## Task item
Up to and including the line that contains "Bays Boutique Apartment Accra Exteriör bild", repeat the entries below exactly from the first line on. Do not carry over any pictures.

:: Records ::

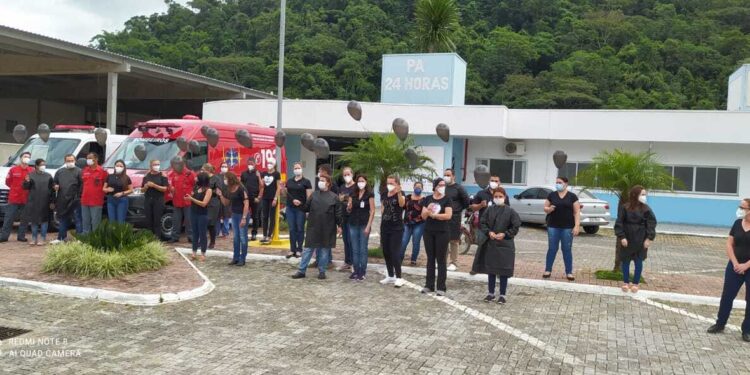 Profissionais da linha de frente fazem homenagem às vítimas da Covid-19 em Corupá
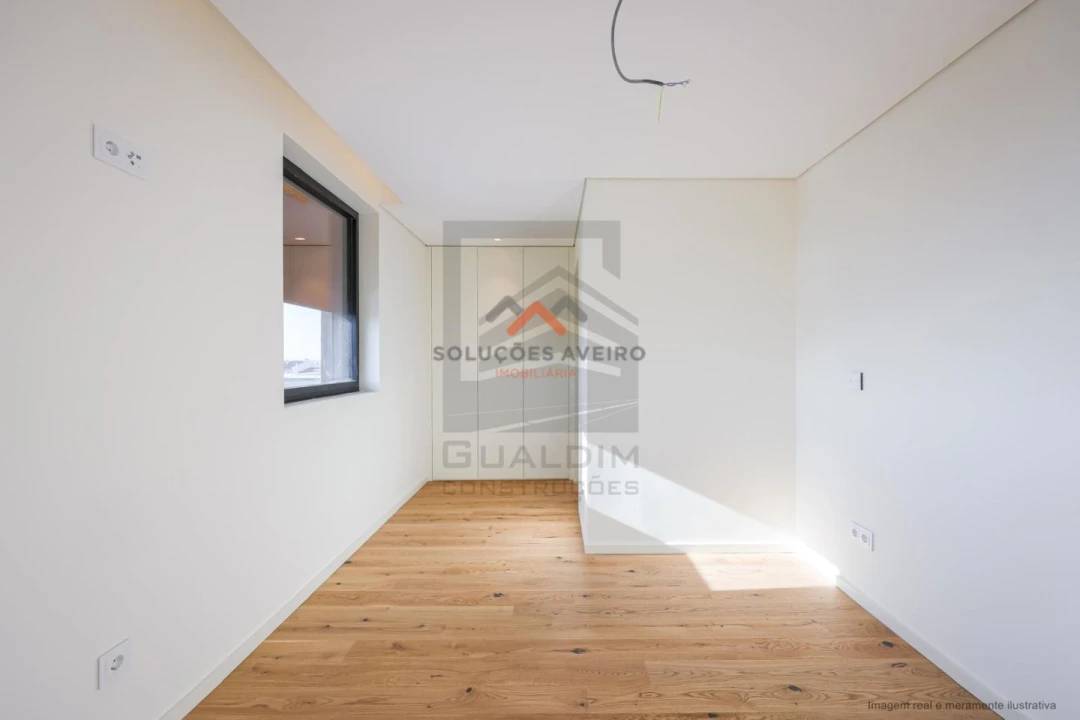 Apartamento T3 para Venda em Glória e Vera Cruz Foto 25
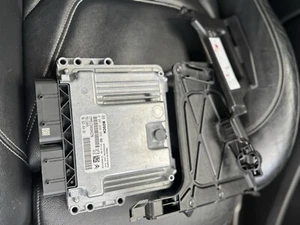 Bosch 9850563780 Peugeot, Citroen , Vauxhall, Diesel 96kW - Picture 1 of 2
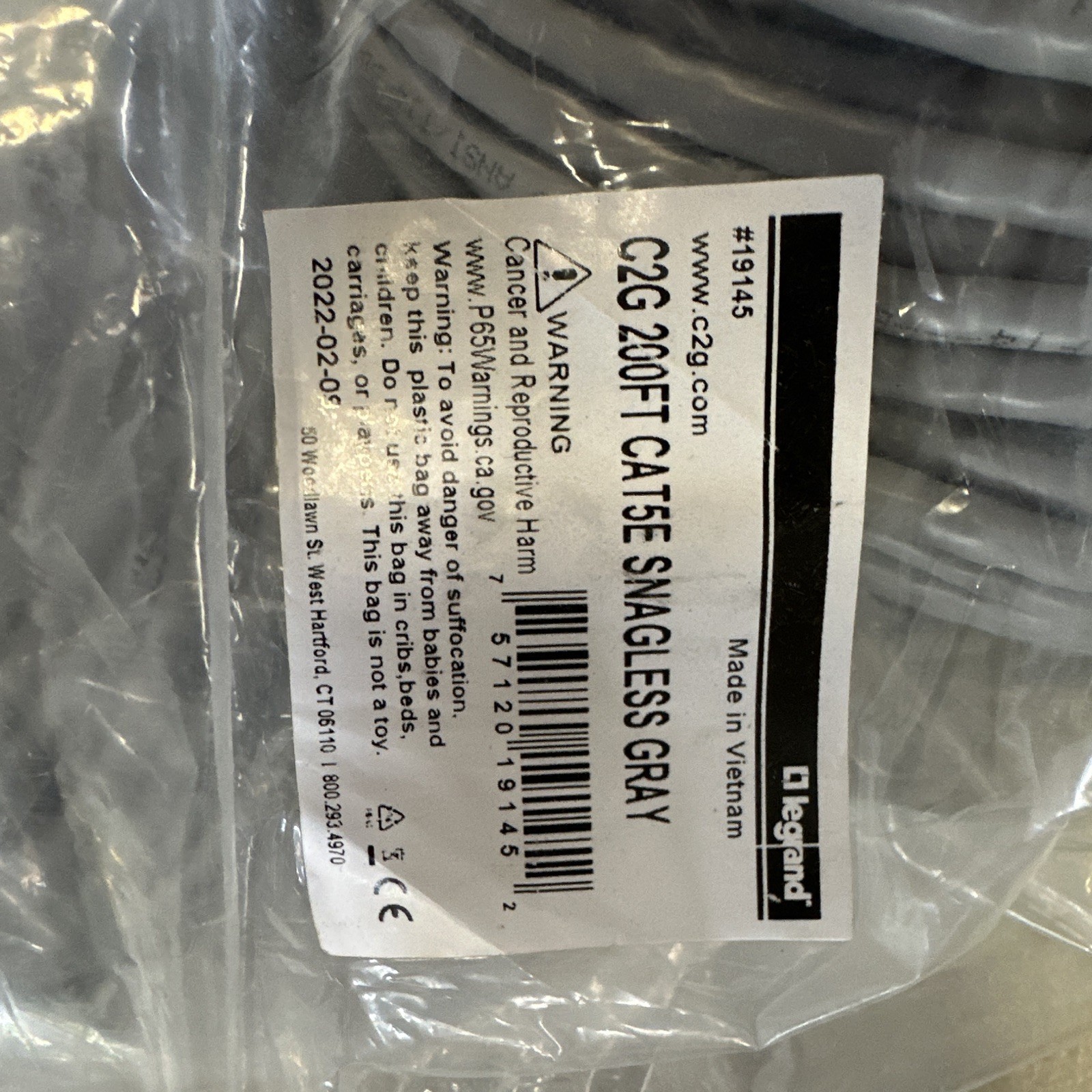 (3) 100’ (1) 75’ (1) 200’ CAT5e RJ-45 Male to Male Ethernet Patch Cable Snagles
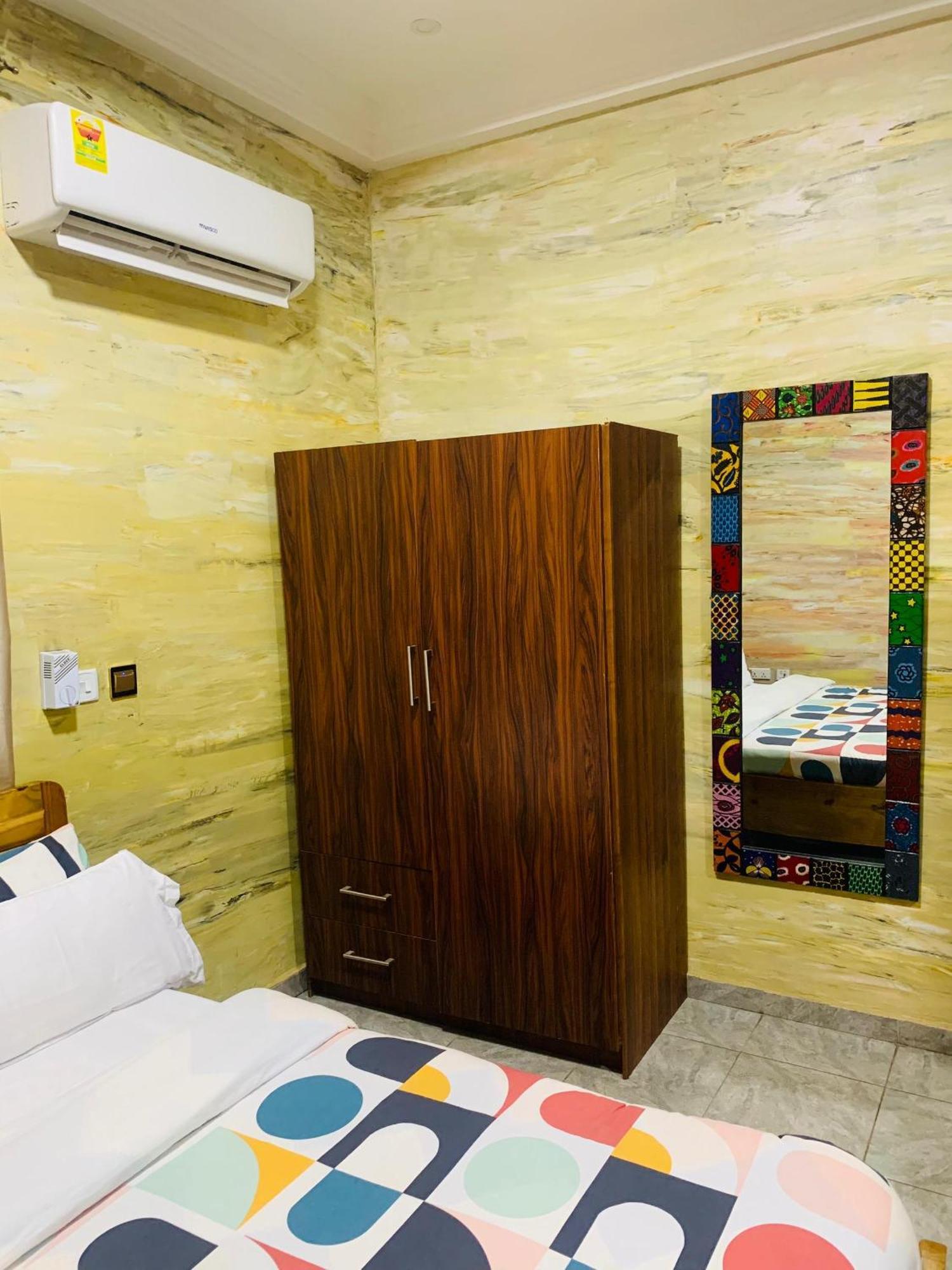Bays Boutique Apartment Accra Exteriör bild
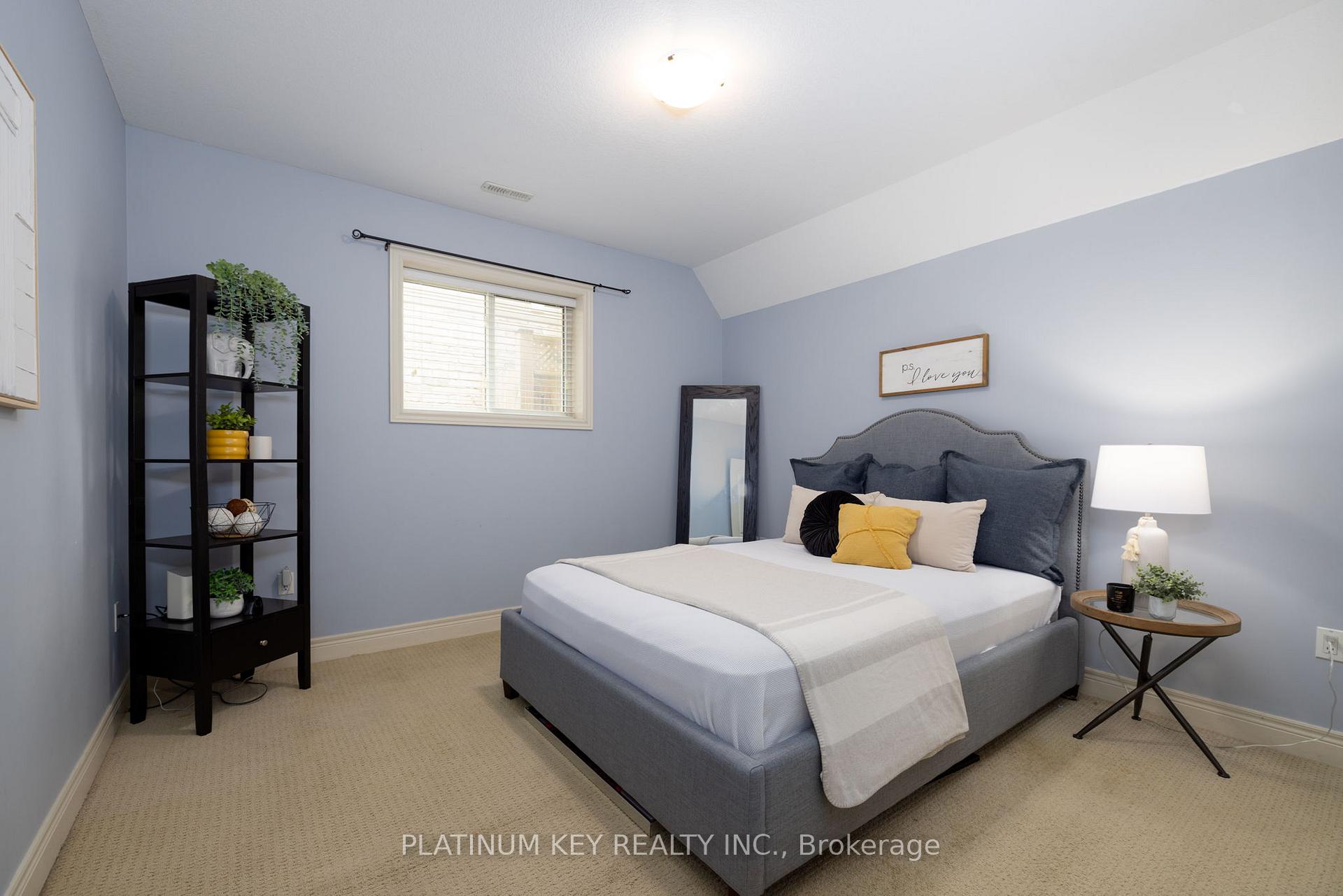 Photo 19 of 60 Bridle Path, Strathroy-Caradoc, SW — HOMEH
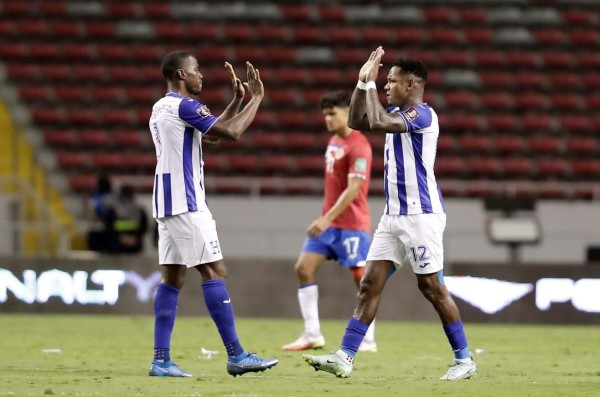 Romell Quioto dejando tendido a Navas, la reacción de Luis Suárez ante la pedida de su salida y la alegría tica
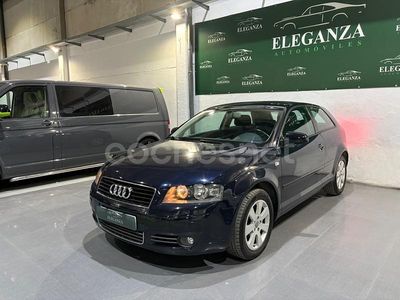 Azul Usado 2005 Audi A3 Ambiente Berlina | 5990 € (Precio justo)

:::

## Problem solution
 Profissionais da linha de frente fazem homenagem às vítimas da Covid-19 em Corupá
 Apartamento T3 para Venda em Glória e Vera Cruz Foto 25
 Bosch 9850563780 Peugeot, Citroen , Vauxhall, Diesel 96kW - Picture 1 of 2
 (3) 100’ (1) 75’ (1) 200’ CAT5e RJ-45 Male to Male Ethernet Patch Cable Snagles
Bays Boutique Apartment Accra Exteriör bild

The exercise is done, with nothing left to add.